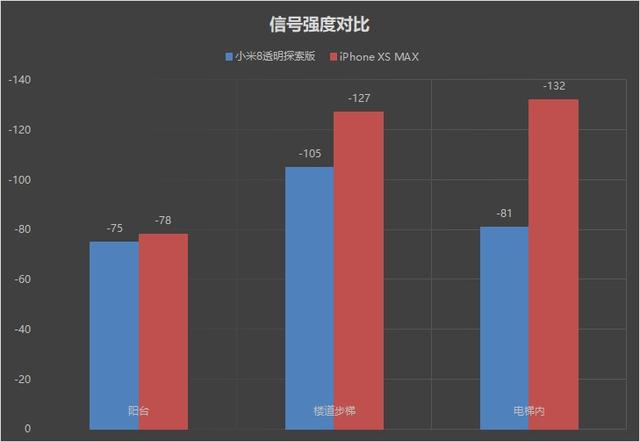 iPhone XS MAX首发上手：终于可以放心等XR了！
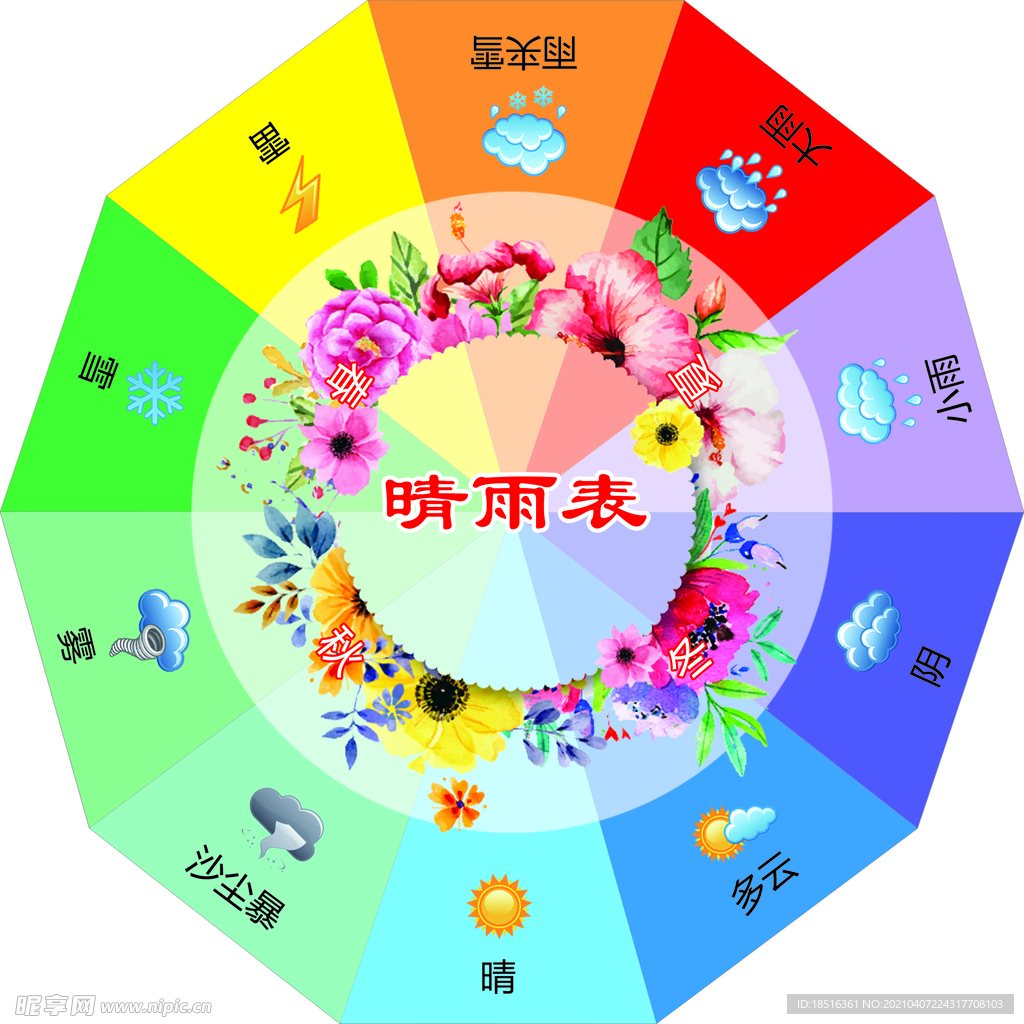 晴雨表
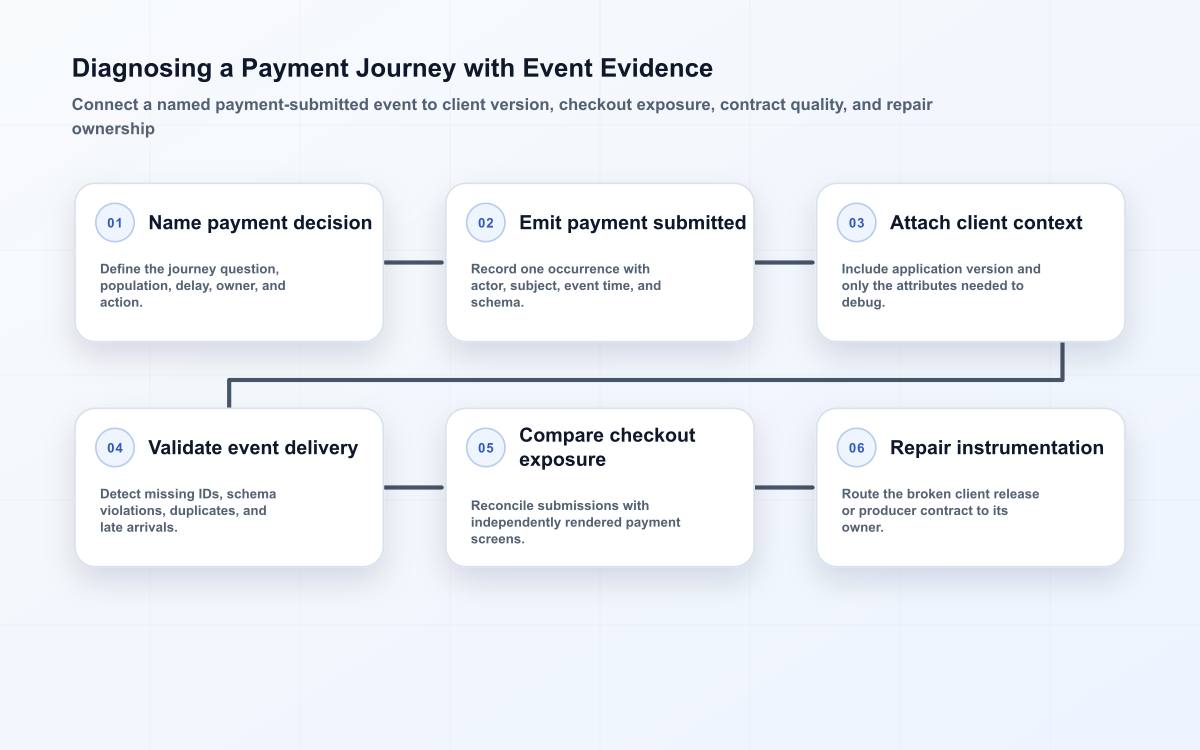 Six-stage payment analytics flow from the payment-submitted contract through client context, delivery checks, checkout comparison, and instrumentation repair.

....

Repeat the whole of the material above exactly, but keep the pictures out.

> _FINISHED TASK_:
 iPhone XS MAX首发上手：终于可以放心等XR了！
 晴雨表
 Six-stage payment analytics flow from the payment-submitted contract through client context, delivery checks, checkout comparison, and instrumentation repair.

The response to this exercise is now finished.